The old traditional split was to make DDR low latency low bandwidth and GDDR high latency high bandwidth, because CPUs needed low latency above all else and GPUs needed high bandwidth above all else.

HBM is the "why not both?" technology, and will help along the inevitable merging of the GPU back onto the CPU - or, which would be really fun and interesting and disruptive, the merger of the CPU onto the GPU.

Oh, to answer your original question, HBM wouldn't be any more upgradeable on such systems as it is now on video cards. You would just buy CPU/GPU/HBM SOCs with sufficient memory for your needs at the beginning.
 
No because hbm is severely limited it can literally not be off the cpu package and the size of modules is limited I see hbm and ddr4 being together for a while maybe in laptops and appliance and tablets they will go hbm only.

Maybe hbm 2 or 3 will replace ddr4 or 5 but only if it can go into the same style package as ddr 4.

Unless the future of pc is going pure disposable but I doubt that will happen
 
i would hope and expect/like to see intel start selling chips with 32GB of HBM (er memory cube) but with the ability to add DDR4 sticks or DDR5 as added memory. with the potentional of XPoint on those DIMMs as well.

That would make some seriously snappy systems.

L1 cache
L2 cache
L3 cache
32GB of Memory Cube (intel micron version)
DDR DIMMS/DDR DIMMs with XPoint.just XPoint
PCI E SSDs

thats how i see memory and storage turning out to be in the next 5-10 years.

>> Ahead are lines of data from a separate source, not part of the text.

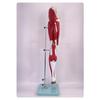 Rui Lv Human Limb Muscle & Nerve Anatomy Model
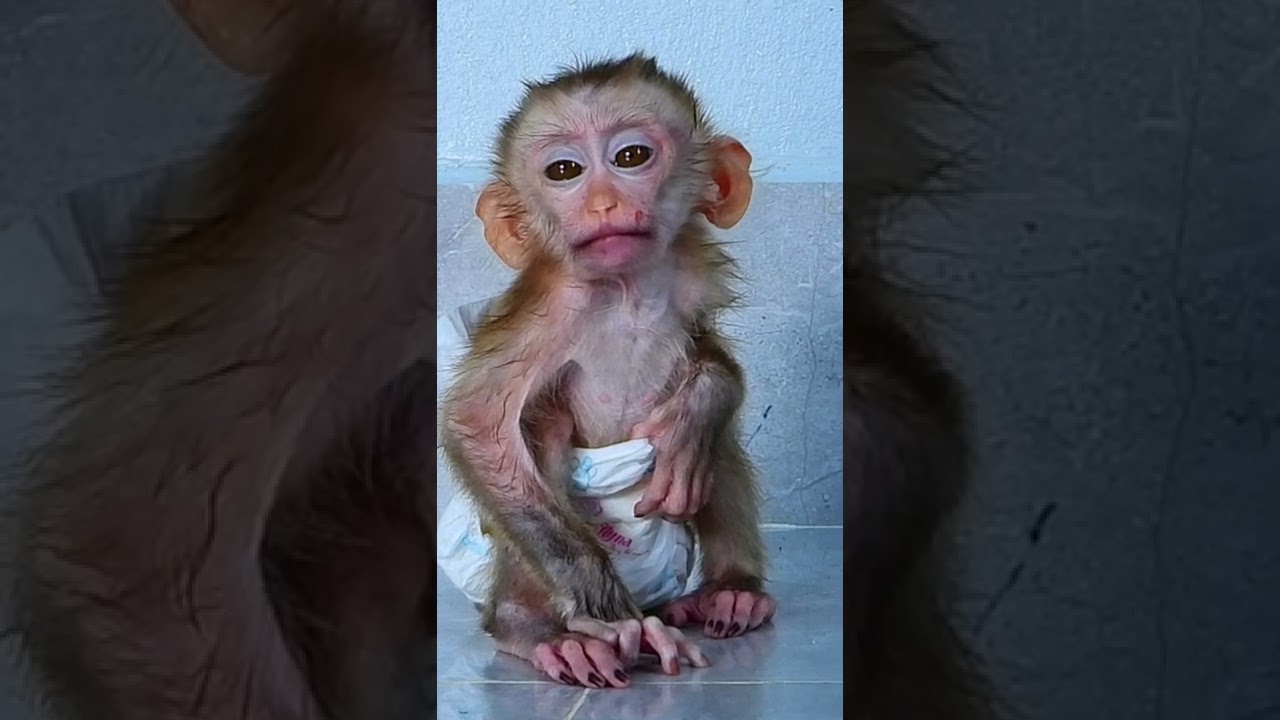 Million Pity monkey tony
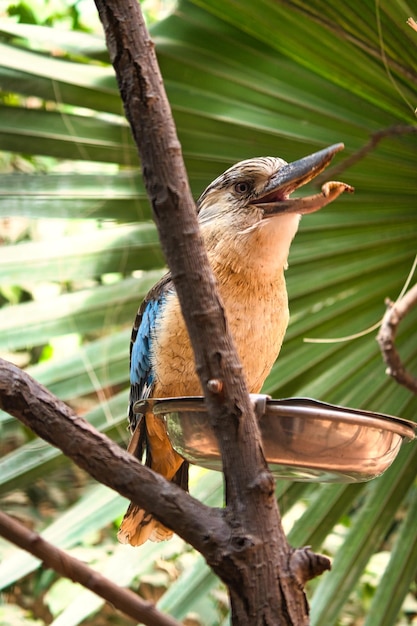 Laughing hans on a branch feeding mealworm Beautiful colorful plumage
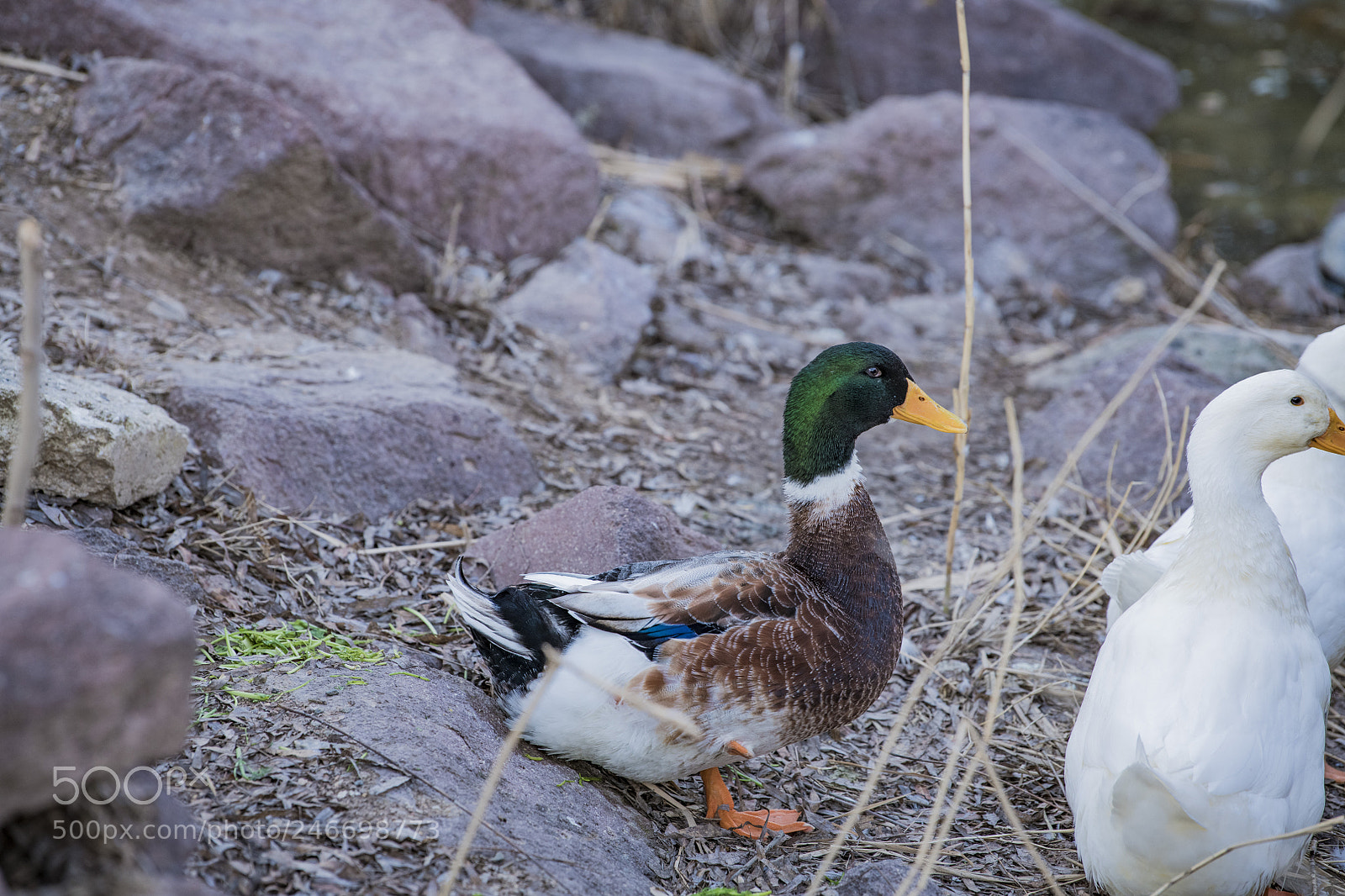 Nikon D850 sample photo. Goose lake ankara golbasi photography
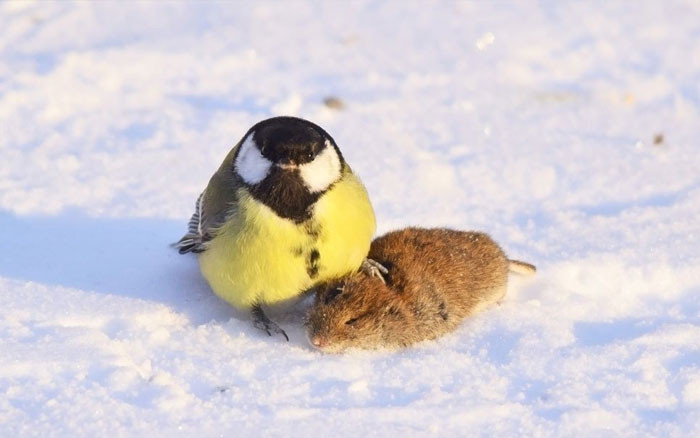 Funny photo series in Photoshop battle of photo-making experts (Part 1) Picture 15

HBM will not be that expensive down the road and its benefits smack regular RAM around. There is a reason why Xeon Phi somes with 16GB of something similiar to Memory Cube.

Again reason why I expect this is becuase the lower latency is very beneficial. Read up on how EDRAM or whatever that is on those broadwell dies have helped those chips shine in various work loads. Read up on anandtech and how low latency memory makes a substantial difference and that is 90ns vs 70ns imagine 70-90ns to 20ns....huge difference. (those numbers are close. I forget the exact numbers but those are reasonable)
 
The real game changer might be coming in the form of 3D Xpoint Optane technology. Imagine nonvolatile memory which plugs in the RAM sockets and has RAM speed. In other words no difference between RAM and nonvolatile storage anymore. That would be total revolution and it may start happening from 2017.

entirely wrong. BW is not the issue. It is latency.

XPoint will be magnitudes better in latency over SSDs and PCIe SSDs but it will not touch DRAM or Memory Cube. A lot of RAMs latency comes from the distance traveled, which is why cache and HBM type memory are better because they are on the die/package. DRAM natural has lower latency than XPoint which is why DRAM is still better than XPoint even when both run on the same interface.

Again latency is the issue XPoint solves mass storage latency but not system latency. HBM/Memory cube help that due to being on package/die and having inherently lower latency compared to XPoint..
 
If anything I see massive ram drives becoming a common place thing use the super low latency 16gb or 32gb hbm on the apu to do both vram and regular ram then up to 128-256 ddr4 for the windows live with a ssd for a lightly compressed OS image loading drive and file storage.

To work with that how memory is handled would need to change at a fundamental level windows will need to be able to address all of that ram and handle it properly.

In all honesty I see hbm coming to apu and laptops and maybe tablets and phones long before it comes to everyday desktops
 
If anything I see massive ram drives becoming a common place thing use the super low latency 16gb or 32gb hbm on the apu to do both vram and regular ram then up to 128-256 ddr4 for the windows live with a ssd for a lightly compressed OS image loading drive and file storage.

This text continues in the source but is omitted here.